Twitter has announced a call for research submissions that helps them “identify indicators of conversational health that are even more specific to Twitter and its impact.” I expressed my skepticism about this on Facebook and so I am writing up some notes here.
‘Conversations’ are one way to examine interactions on social media. We looked at conversations as the unit of analysis in our Turnbull paper due out in MIA I think in a few months (based on our ANZCA paper). A simple point to make is that the ‘public conversation’ is not the same thing as ‘conversations on Twitter’ or even ‘Twitter publics’. Sure, there are conversations that happen entirely on Twitter (say a Trump tweet and reaction and cross talk), but these are not very useful as the basis of assessing public conversations. How Twitter users produce openings on other spaces, so that the circulation of discourse is necessarily cross-platform. The philosophy behind Cortico’s general approach looks interesting, but Twitter and Cortico will need to partner with other platforms.
There are broadly two ways to map the circulation of discourse. The first is derived from Bourdieu and maps a ‘field’ based on the social interactions between actors and the analytical construction of what is valued in the field (doxa). I think this is inherently flawed because of the reliance on a notion of faith (as in good or bad faith). Bourdieu’s Manet lectures are clear on this. The second is derived from Foucault and maps the discursive regularities between statements and the analytical construction is regarding the conditions of possibility based on ‘authority’ and composition of power relations (dispositif). What Foucault broadly called ‘eventalization’ (only ever in interviews, so the method has to be reverse engineered across a range of works). Interestingly, network graphing techniques seem to be aligned with ‘eventalization’ until you realise that they mostly rely on the providence of digital objects and platform-based network relations between them. There have been few attempts to map networks of discourse in spite of the platforms as this multiplies the work exponentially.

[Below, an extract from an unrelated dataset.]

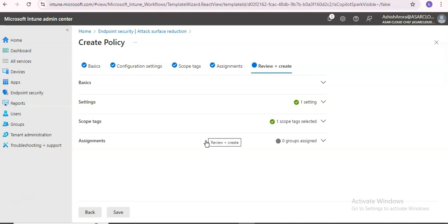As issues arise, you can troubleshoot exploit protection mitigations. When you create a set of exploit protection mitigations, or a configuration, you might find that the configuration export and import process does not remove all unwanted mitigations. You have to manually remove unwanted mitigations in Windows Security, or you can use the PowerShell script available on Microsoft documentation to remove all process mitigations.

Analysing discourse in terms of the ‘health’ of conversations assumes a normative dimension that I think smuggles in assumptions about the good faith of actors. There are two problems here. First, analytics are unlikely to indicate how a particular user is ‘blinkered’, and therefore has an extremely constrained degree of freedom (in the systems theory sense), what Guattari called a low co-efficient of transversality or Warner might talk about in terms of the character of reflexivity. They will instead show how such blinkered users belong to tribes, because of the discursive coherency and affective congruence of discourse. So what? Second, Twitter does not appear to want to operate upon the good or bad faith of actors, and therefore take obvious steps to reduce the weaponised use of the platform (such as reduced functionality for new accounts until thresholds of participation are passed, such as number of followers or interactions). Getting over the normative assumptions about the good faith of users is an important first step.